Simply put, Levanon is brilliant but uneven. His extreme flexibility can enthral; but it sometimes slides into self-indulgence (try the solo passage near the beginning of the First’s Quasi adagio), and it sometimes disappears as his pulse submits to the bullying of the bar lines. Likewise, his sense of colour can illuminate the music; but he often overlooks opportunities for timbral play (surely he could do more with the glissandos in the second variation of Totentanz). Sometimes he captures the music’s momentum (the opening of the Second’s Marziale un poco meno allegro rings out boldly); sometimes, especially in transitional passages, he simply treads water. No wonder the performances sputter. The orchestra is desultory, and coordination is iffy.
Levanon is more persuasive in the solo numbers appended to the digital version of this release – pieces inexplicably left off the CD, despite ample room. The Schumann-Liszt Frühlingsnacht, artfully shaped, is notable for its ardour and its sensitive handling of interweaving lines; the melancholy of Liszt’s Romance comes across eloquently. And his own over-the-top paraphrase of Wolf’s ‘Verschwiegene Liebe’ makes an effective closer.

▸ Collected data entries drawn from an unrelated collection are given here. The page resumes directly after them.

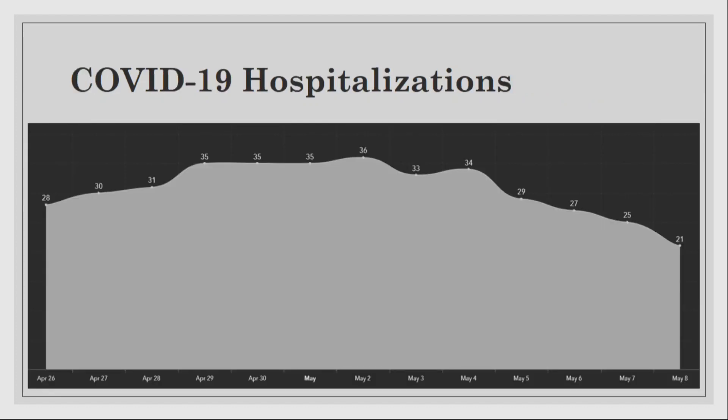Looking at our hospital capacity — we hit a high of 36 COVID-19 hospitalizations in the last two weeks, and we have over 1,200 licensed beds in this county. A couple days ago we were at 21. We have plenty of capacity in our hospitals at this current time.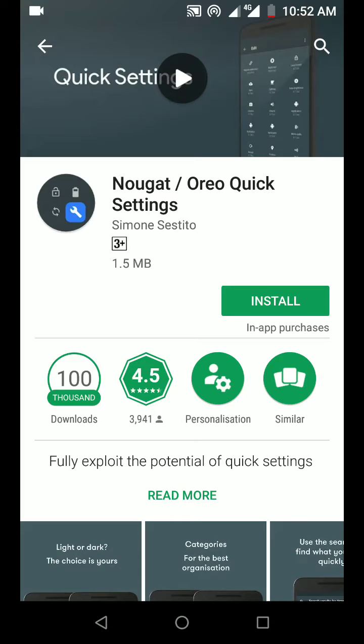Go to Google Play Store and look for Nougat/Oreo Quick Settings. Now let's install this.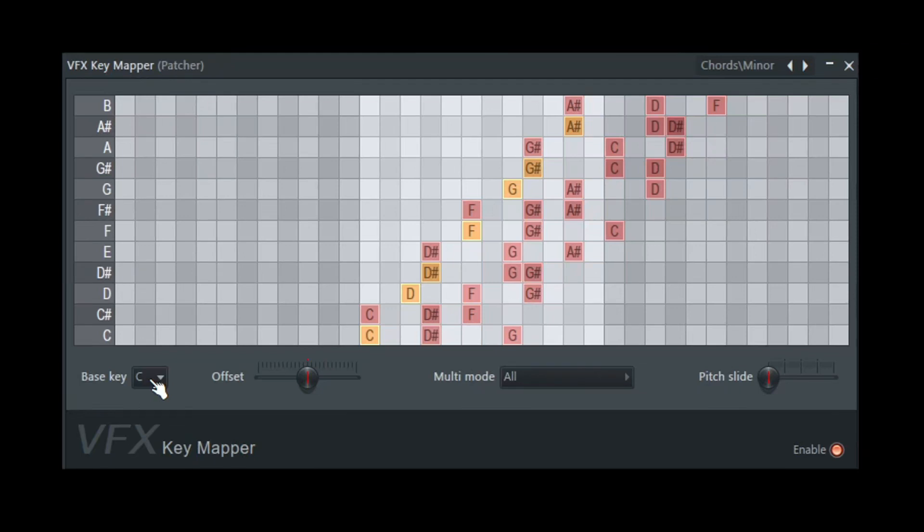Welcome back to another Shamshir Sound video. Today we're going to take a look at VFX Key Mapper, a great tool to quickly create chords, different progressions, different ethnic styles with just one key press.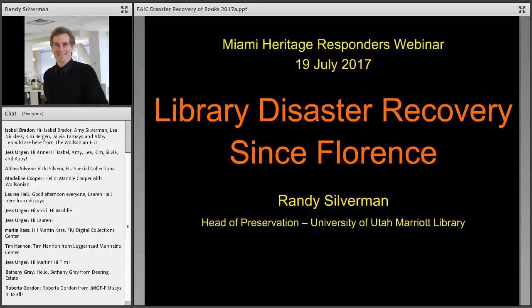Thank you to everyone for joining us for today's webinar. This is the second in this eight-part series to complement your in-person training for the Miami Heritage Response Team. These programs are made possible through the generous grant funding support of the National Endowment for the Humanities.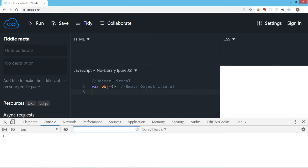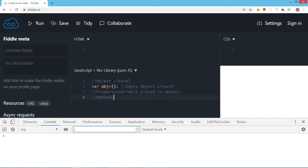Once the object is created you can add members to it. There are two types of members: first you can add a property, second you can add a method. A property is nothing but a variable placed in an object, and a method is a function placed in an object. If you put a variable in an object it becomes a property; if you put a function in an object it becomes a method.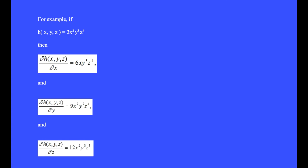For example, if h is a function of x, y, and z, and h equals 3x²y³z⁴, then the partial of h with respect to x is 6xy³z⁴.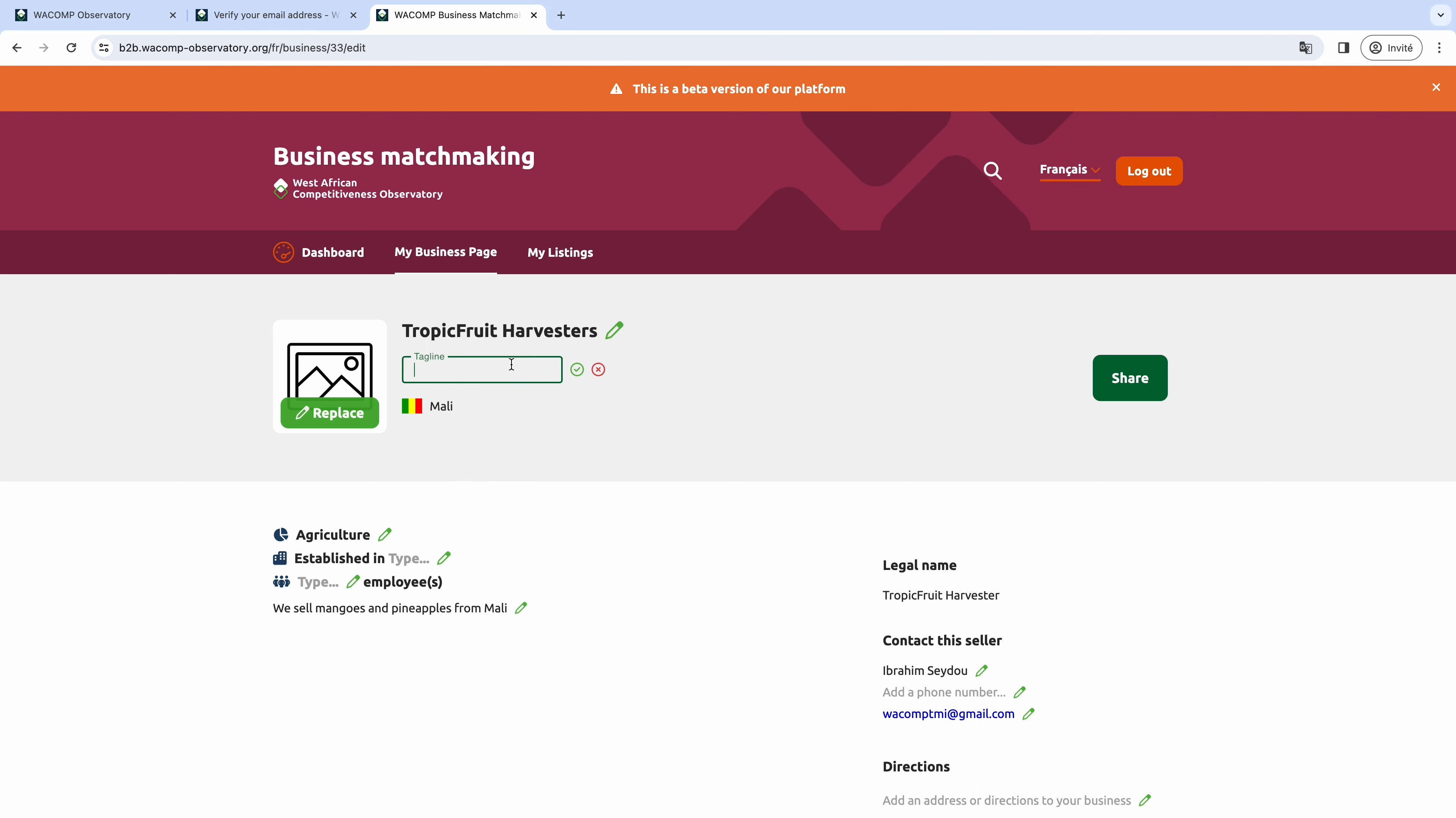Below your business name, you can enter a tagline. A tagline is a short statement that communicates what your brand is about. Here again, the best is to keep it short. One sentence is usually good. Try to make it catchy.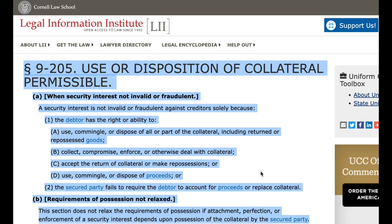Paragraph 9-205. Use or disposition of collateral permissible. A. When security interest not invalid or fraudulent. A security interest is not invalid or fraudulent against creditors solely because: 1. The debtor has the right or ability to: a. Use, commingle, or dispose of all or part of the collateral including returned or repossessed goods; b. Collect, compromise, enforce, or otherwise deal with collateral; c. Accept the return of collateral or make repossessions; or d. Use, commingle, or dispose of proceeds; or 2. The secured party fails to require the debtor to account for proceeds or replace collateral. B. Requirements of possession not relaxed. This section does not relax the requirements of possession if attachment, perfection, or enforcement of a security interest depends upon possession of the collateral by the secured party.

For its exceptional promise and its splashes of first-rate playing, this release should be of interest to piano aficionados. General listeners, though, have better alternatives. To my ears, the combination of fire and discipline in Sviatoslav Richter’s account of the concertos (Philips, 5/62) is unmatched. But whatever your aesthetic preferences, there are recordings of this repertoire – from Alfred Brendel’s (Philips, 10/73) through Grigory Ginzburg’s (Vox Aeterna, 8/05) on to Krystian Zimerman’s (DG, 11/88) – that will give you more consistent pleasure than Levanon’s.